Let's see if we can simplify 5 times the square root of 117. So 117 doesn't jump out at me as some type of a perfect square. So let's actually take its prime factorization and see if any of those prime factors show up more than once. So clearly it's an odd number. It's clearly not divisible by 2. To test whether it's divisible by 3, we can add up all of the digits. And we explain why this works in another place on Khan Academy. But if you add up all the digits, you get a 9. And 9 is divisible by 3, so 117 is going to be divisible by 3. Now, let's do a little aside here to figure out what 117 divided by 3 actually is. So 3 doesn't go into 1. It does go into 11, three times. 3 times 3 is 9. Subtract, you got a remainder of 2. Bring down a 7. 3 goes into 27 nine times. 9 times 3 is 27. Subtract, and you're done. It goes in perfectly. So we can factor 117 as 3 times 39. Now 39, we can factor as-- that jumps out more at us that that's divisible by 3. That's equivalent to 3 times 13. And then all of these are now prime numbers.
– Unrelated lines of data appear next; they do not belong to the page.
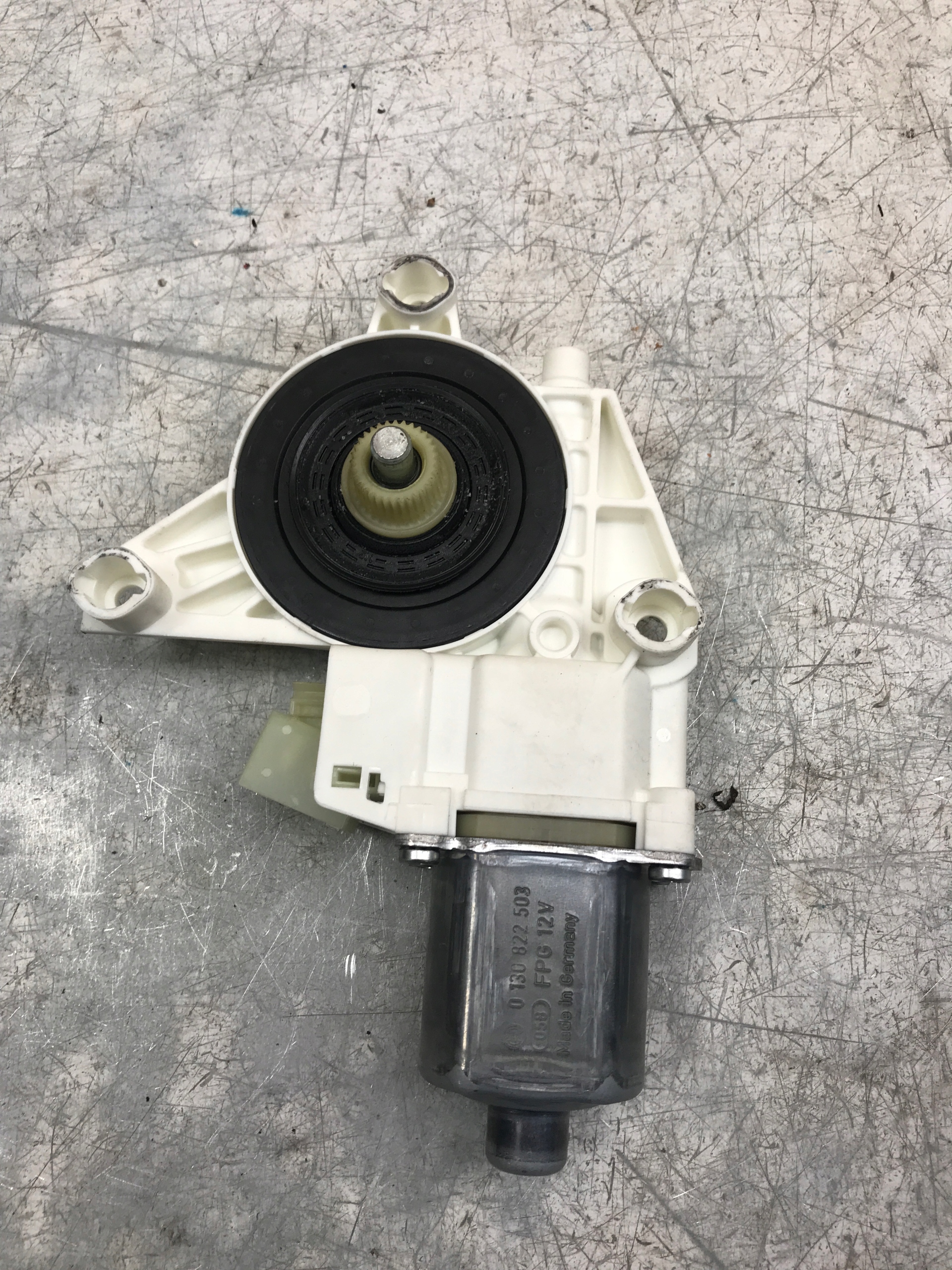 mini motor windows left front MERCEDES W204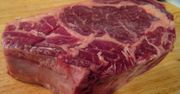 Surowy antrykot wołowy (mięso i tłuszcz, II klasa mięsa)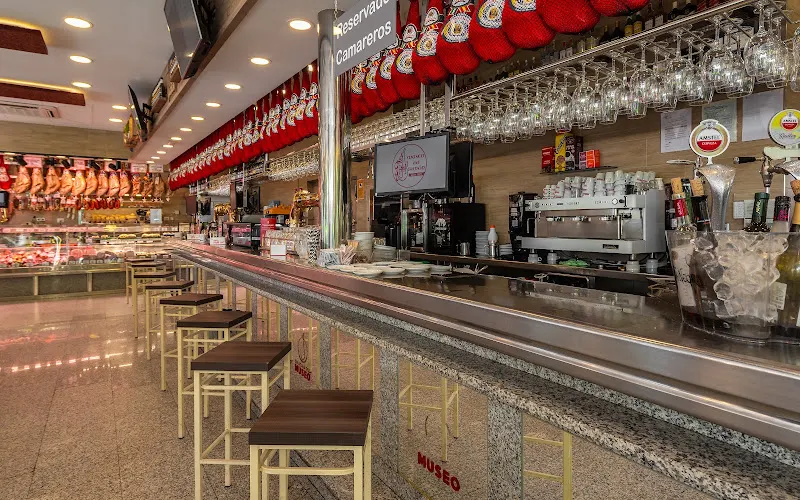 Museo del Jamón Poeta Joan Maragall - Restaurante de cocina española en Madrid - foto 4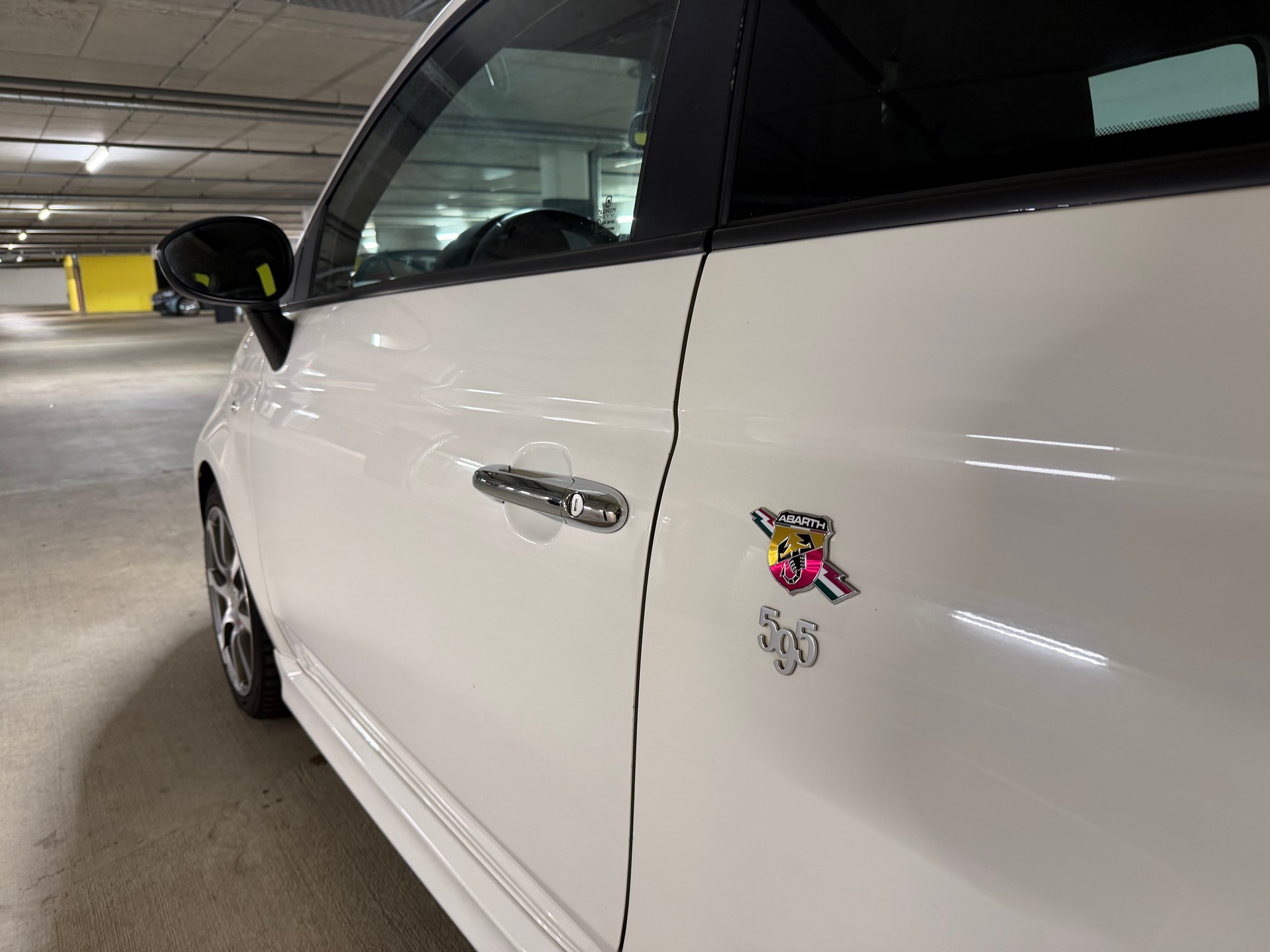 FIAT 595 1.4 16V Turbo Abarth Turismo-image-10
So we could say that this thing is the same as 5 times the square root of 3 times 3 times 13. And this is going to be the same thing as-- and we know this from our exponent properties-- 5 times the square root of 3 times 3 times the square root of 13. Now, what's the square root of 3 times 3? Well, that's the square root of 9. That's the square root of 3 squared. Any of those-- well, that's just going to give you 3. So this is just going to simplify to 3. So this whole thing is 5 times 3 times the square root of 13. So this part right over here would give us 15 times the square root of 13. Let's do one more example here. So let's try to simplify 3 times the square root of 26. I'm actually going to put 26 in yellow, like I did in the previous problem. Well, 26 is clearly an even number, so it's going to be divisible by 2. We can rewrite it as 2 times 13. And then we're done. 13 is a prime number. We can't factor this any more. And so 26 doesn't have any perfect squares in it. It's not like we can factor it out as a factor of some other numbers and some perfect squares like we did here. 117 is 13 times 9. It's the product of a perfect square and 13. 26 isn't, so we've simplified this about as much as we can. We would just leave this as 3 times the square root of 26.